Of course, I’m not the only one who noticed the seeming intellectual inconsistency on judicial activism in this week’s decisions.  Ruth Marcus has a nice column on the matter:

Indeed, as Justice Ruth Bader Ginsburgnoted in her dissent [on the VRA case], the majority was triply activist. It abandoned “its usual restraint” by considering a broad-based challenge rather than determining whether the law was constitutional simply as applied to the particular Alabama county involved. Likewise, Ginsburg said, the majority “veers away from controlling precedent” about treating states equally “without even acknowledging that it is doing so.” And, “hardly showing the respect ordinarily paid when Congress acts to implement” the guarantee of voting rights, “the Court does not even deign to grapple with the legislative record.”

Very true, but I really like where she tries to find the liberal consistency (and largely succeeds, I think):

In this sense, the liberal position on both voting rights and DOMA are linked, and impelled, by the Constitution’s solicitude for minority rights and individual liberty.
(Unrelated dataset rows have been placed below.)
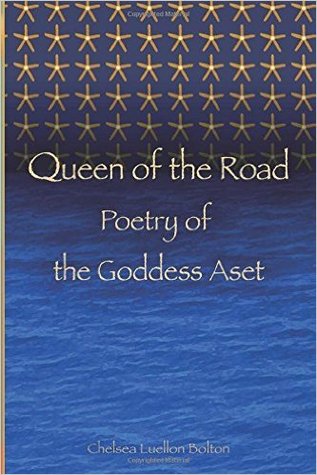 Queen of the Road: Poetry of the Goddess Aset (Paperback)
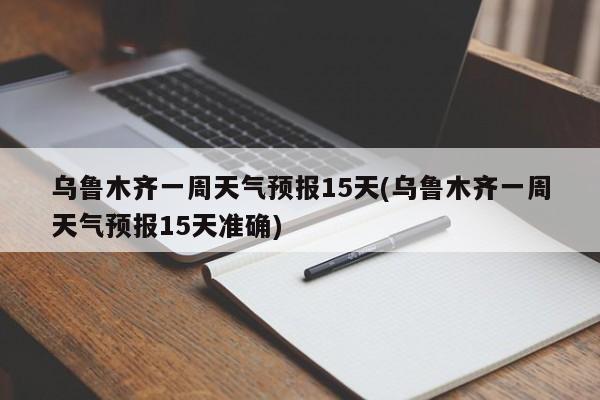 乌鲁木齐一周天气预报15天(乌鲁木齐一周天气预报15天准确) 第1张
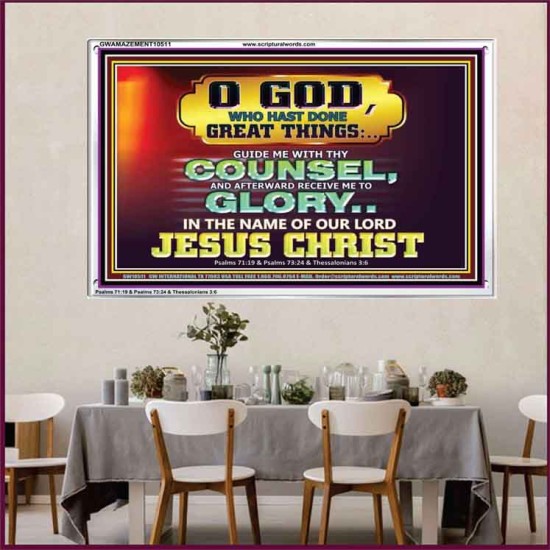 GUIDE ME THY COUNSEL GREAT AND MIGHTY GOD  Biblical Art Acrylic Frame  GWAMAZEMENT10511  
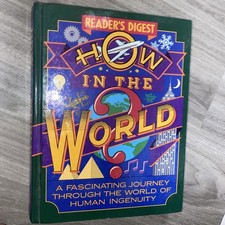 How in the World? A Fascinating Journey Through the World of Human Ingenuity (Reader's Digest)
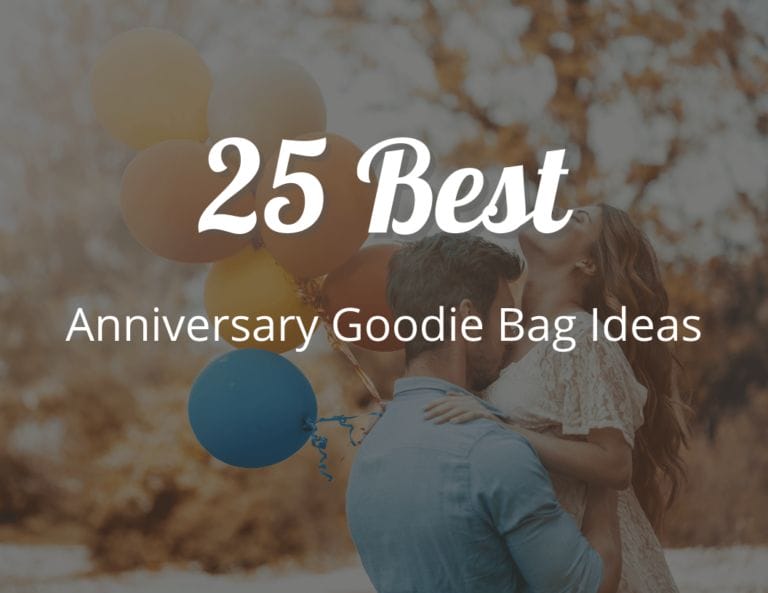 25 Best Anniversary Goodie Bag Ideas: Create the Perfect Anniversary Gift Bag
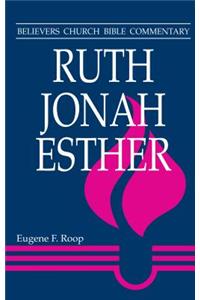 Ruth, Jonah, Esther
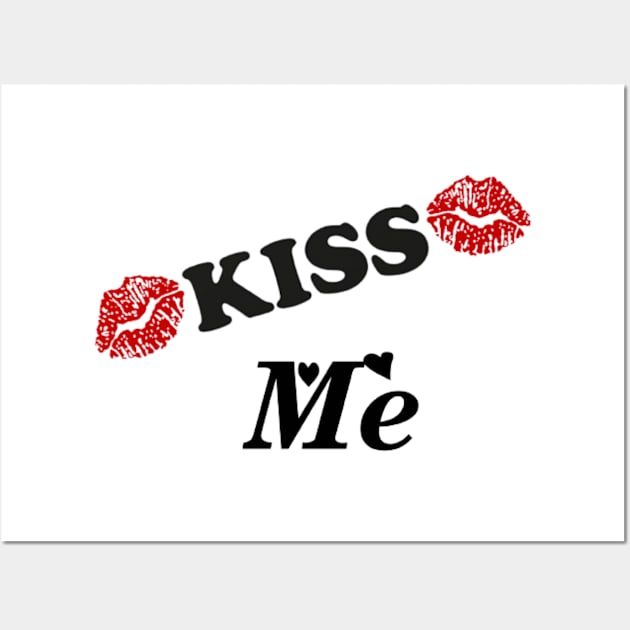 kiss me t-shirt style Wall Art by TytyQuate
I believe this is correct, but I also concede that this conviction cannot be disentangled from my conception of the Constitution and the sweeping protections it provides.

I have a harder time finding intellectual consistency in the conservative position in the two cases. On voting rights, the conservative justices are enormously deferential to states, and dismissive of congressional power, despite the explicit constitutional grant of authority to Congress. Yet they are respectful of congressional action, and happy to intrude on traditional state prerogatives, when it comes to same-sex marriage.

If there is a way to reconcile these results, I’m eager to hear it.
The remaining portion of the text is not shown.